PUTIN BEFORE MH17

The West should have seen Putin coming – but failed to decode what his propaganda machine was telling us. This article, written before the fatal missile attack on a Malaysian airliner in July 2014, sets out clearly the game the Russian president is playing, and how ineffective the West has been in dealing with it. Putin may not have ordered the attack but he controls the chess pieces on the board.

In a few short months, the Russian president has annexed the Crimea, redrawn the map of Eastern Europe, demolished the post Cold War consensus, and set the stage for a new era of confrontation. Along the way Vladimir Putin has violated numerous international agreements, including the UN Charter, the Helsinki Final Act and other treaties of the Organisation for Security and Cooperation in Europe, the Budapest Memorandum on Security Assurances for Ukraine of December 1994. Also badly holed are the Russian-Ukrainian friendship treaty of 1997, the Sevastopol Naval base agreement of 1997, and an additional Sevastopol agreement of 1998. Putin has also damaged the Nuclear Non-proliferation Treaty, driven a wedge into the G8, and violated the provisions of the World Trade Organisation.

He may well also have convinced Iran that giving up a nuclear weapons capability, as Ukraine did in 1994, would be a strategic blunder.
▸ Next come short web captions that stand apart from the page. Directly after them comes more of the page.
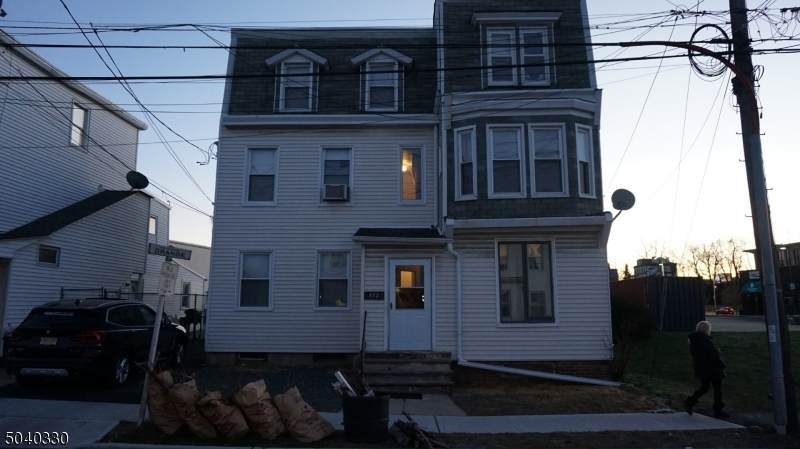 578 White St - Photo 1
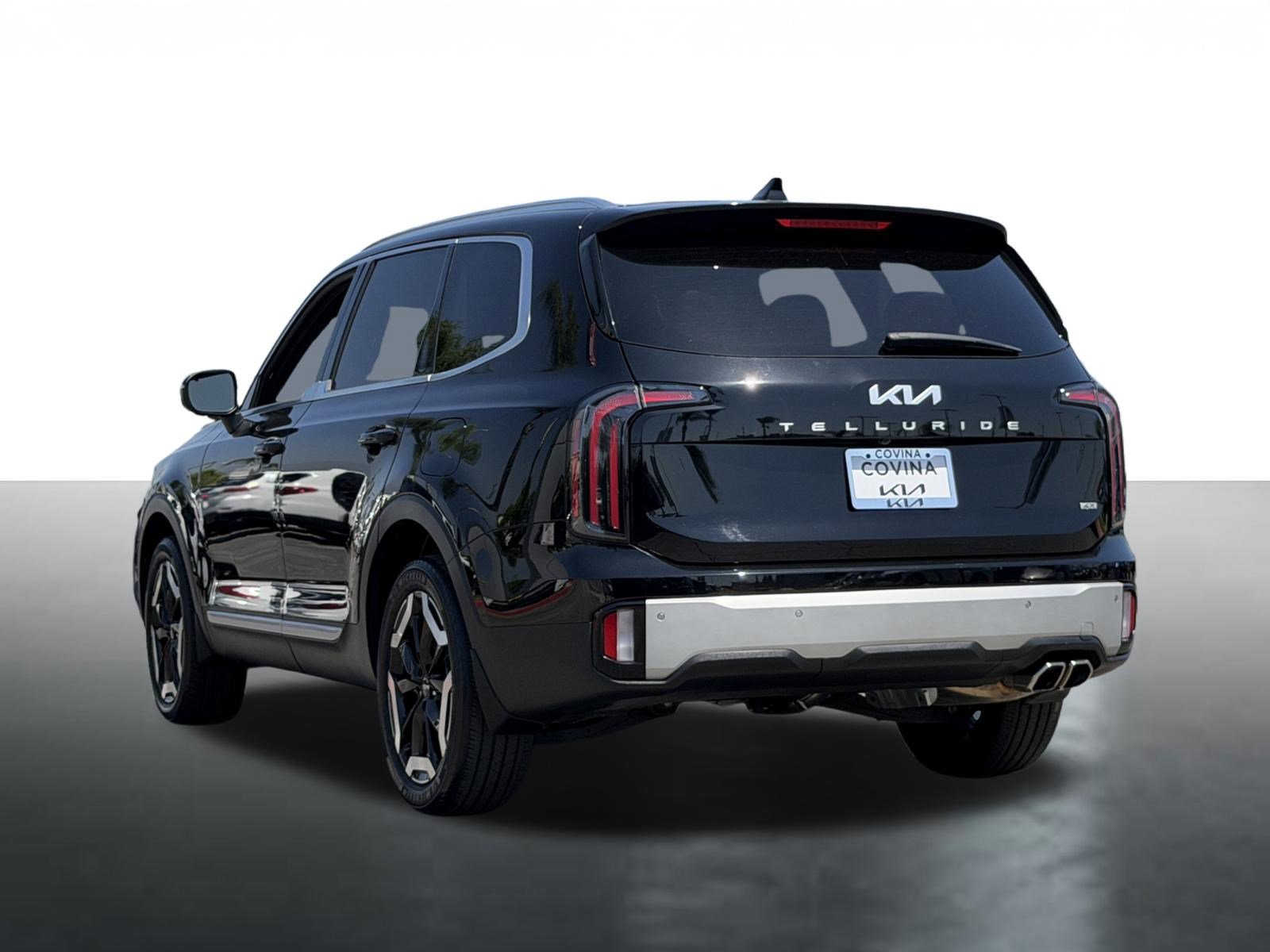 Used 2023 Kia Telluride EX w/ EX Captain's Chair Package image 6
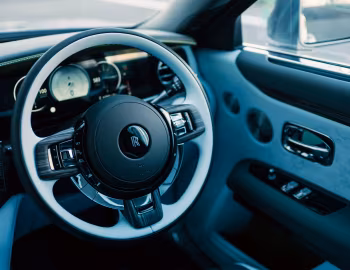 Передня панель Rolls-Royce Ghost Extended [Japan] '2025–н.ч.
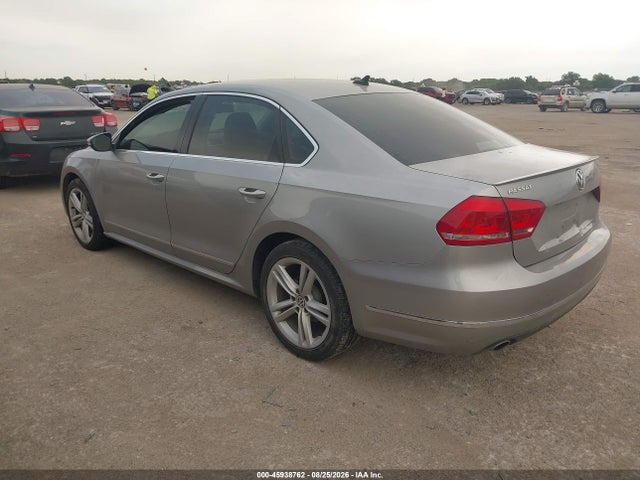 Aukcja sprzedaży 2012 Volkswagen Passat 2.0l Tdi Sel Premium, vin: 1VWCN7A34CC008733, numer aukcji: 45938762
And he has got away with it – there have been no significant street demonstrations in the West, and just muted condemnation of this coup d’état. Putin has scored an astonishing success, and his phone call to Obama in Saudi Arabia, and John Kerry’s hasty shuttle diplomacy, reflect the recalibration of “big power” relations to reflect a new reality.

The purpose of this article is to examine how a serial breach of international law and international norms was reinforced by a clever propaganda campaign which has split many of his opponents and left others wondering how black – annexation of sovereign territory – has miraculously morphed into white – the legitimate reunification of Mother Russia.

Successful propaganda requires a good conspiracy theory, an avoidance of the real issues, and a focus on possibly useful, but actually irrelevant, information.

In the first strand, Putin’s overarching conspiracy theory – for general consumption – is that the US, NATO and the EU are trying to destroy Russia. Much of this relates back to 2008, and the Russian conflict with Georgia. Simultaneous mis-steps on the part of EU and NATO which without seriously considering the likely consequences, talked at that time about the possible admission of many of the states bordering Russia, particularly the Ukraine and Georgia, into the EU and NATO. Both ideas were quickly dropped, but both fed the paranoia of many Russians, particularly Putin.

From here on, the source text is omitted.